# 🌐 Cross-Lingual Information Retrieval using Transformers

Welcome to the project!

In this notebook, we’ll build a real-world **Cross-Lingual Information Retrieval** system using **Hugging Face Transformers** and **Sentence Transformers**.

### 🔍 Goal:
Given a **query in one language** (e.g., English), retrieve the most **relevant document in another language** (e.g., French, Spanish, Hindi).

### ✅ What You'll Learn:
- How to use multilingual transformer models like **MiniLM** from Hugging Face to generate sentence embeddings for cross-lingual search
- Generate **semantic embeddings** from text
- Use **cosine similarity** for semantic search
- Build a multilingual search system (end-to-end)

Let’s get started!


## 🔧 Step 1: Project Setup

In this step, we'll:
- Install all required libraries
- Import key modules

We'll use:

- `sentence-transformers`: for generating sentence embeddings
- `transformers`: (under the hood) for multilingual models
- **Cosine Similarity** (from `sentence-transformers.util`) for comparing embeddings


In [17]:
# Install the necessary libraries
!pip install -q sentence-transformers transformers datasets tf-keras

In [21]:
# Basic Python libraries
import numpy as np
import pandas as pd
import torch
import warnings
warnings.filterwarnings('ignore')

# Sentence Transformers (built on Hugging Face)
from sentence_transformers import SentenceTransformer, util

## 📂 Step 2: Load Tatoeba Dataset via Hugging Face

We'll utilize the Tatoeba dataset from Hugging Face, which contains multilingual sentence pairs. This dataset is ideal for building a cross-lingual information retrieval system.

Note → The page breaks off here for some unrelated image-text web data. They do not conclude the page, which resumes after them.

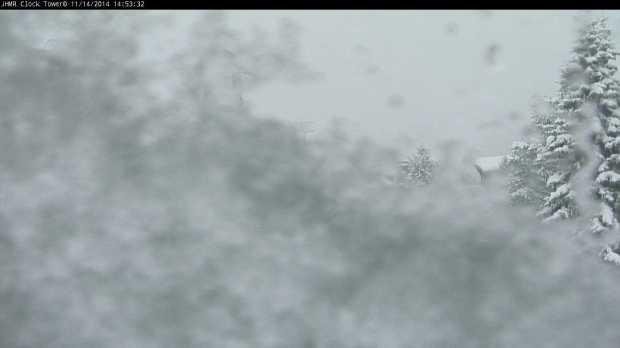 The tram base cam...happily coated with snow!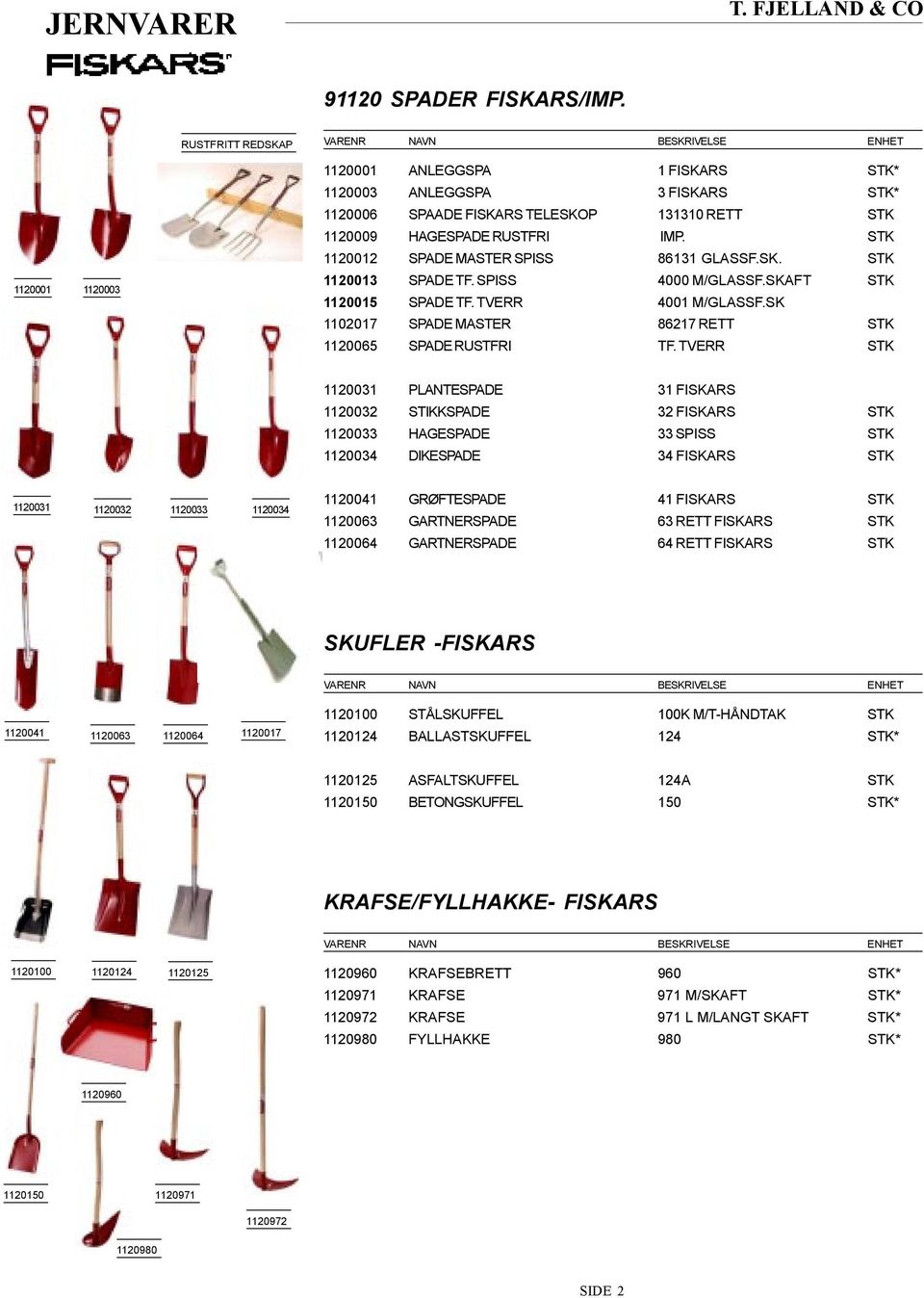STK 1120012 SPADE MASTER SPISS 86131 GLASSF.SK. STK 1120013 SPADE TF. SPISS 4000 M/GLASSF.SKAFT STK 1120015 SPADE TF. TVERR 4001 M/GLASSF.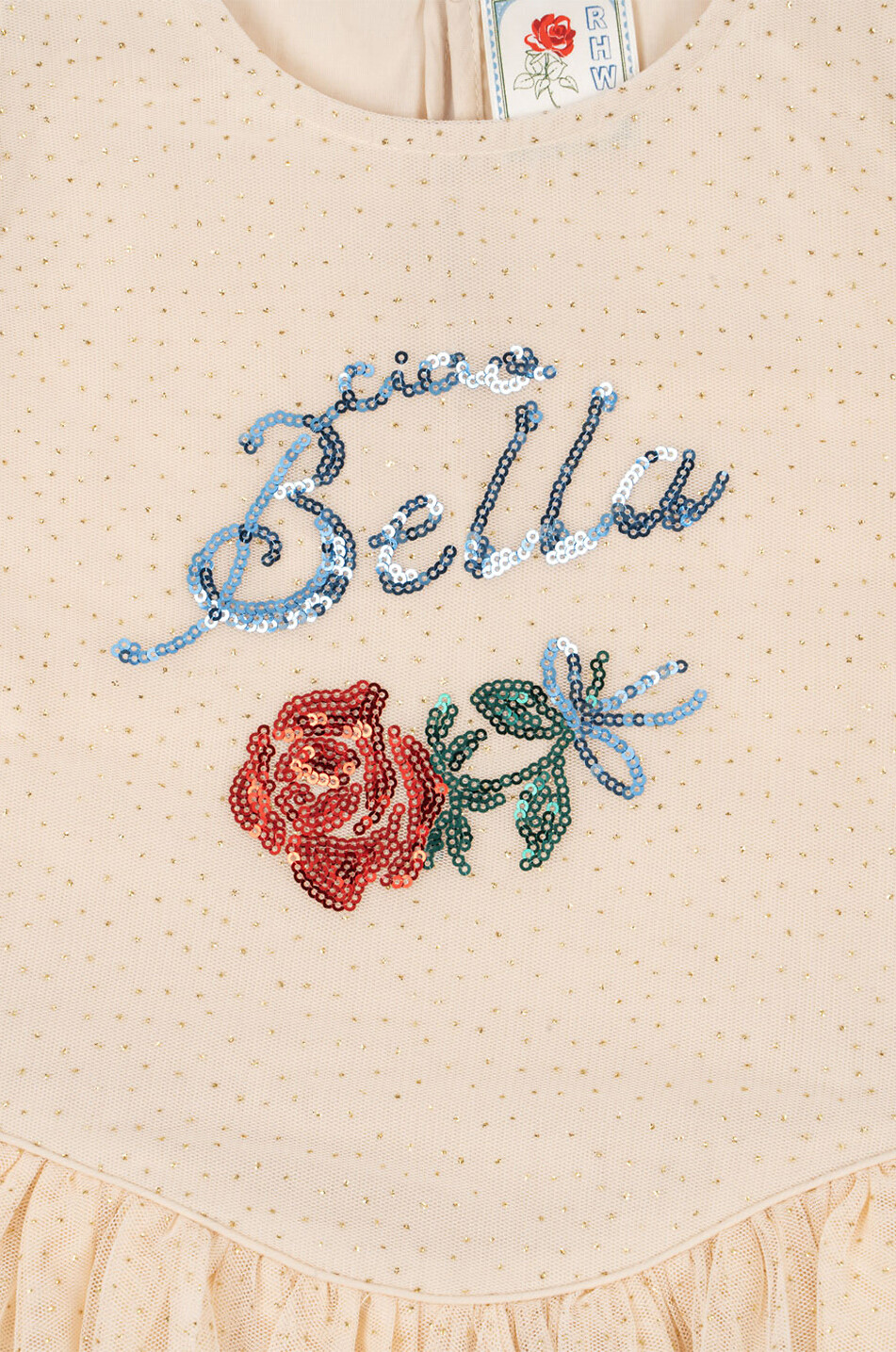 KONGES SLØJD Glitzerndes Mädchenkleid aus Tüll RWH x ks Ciao Bella  Hellbeige 3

We'll focus on English-French sentence pairs for this project.


In [78]:
from datasets import load_dataset

# Load the Tatoeba dataset with trusted custom code
dataset = load_dataset("tatoeba", lang1="en", lang2="fr", split="train", trust_remote_code=True)

# Display first 5 sentence pairs
for i in range(5):
    print(f"English: {dataset[i]['translation']['en']}")
    print(f"French:  {dataset[i]['translation']['fr']}\n")

English: When he asked who had broken the window, all the boys put on an air of innocence.
French:  Lorsqu'il a demandé qui avait cassé la fenêtre, tous les garçons ont pris un air innocent.

English: Then, when he asked who had broken the window, all the boys acted innocent.
French:  Lorsqu'il a demandé qui avait cassé la fenêtre, tous les garçons ont pris un air innocent.

English: Let's try something.
French:  Essayons quelque chose !

English: Let's try something.
French:  Tentons quelque chose !

English: Let's try something.
French:  Essayons quelque chose.



## 🔢 Step 3: Generate Embeddings with a Multilingual Transformer

We'll now convert both English and French sentences into dense vector embeddings using the model:

📌 `paraphrase-multilingual-MiniLM-L12-v2`  
This model supports over 50 languages and maps similar sentences (even across languages!) to similar embeddings.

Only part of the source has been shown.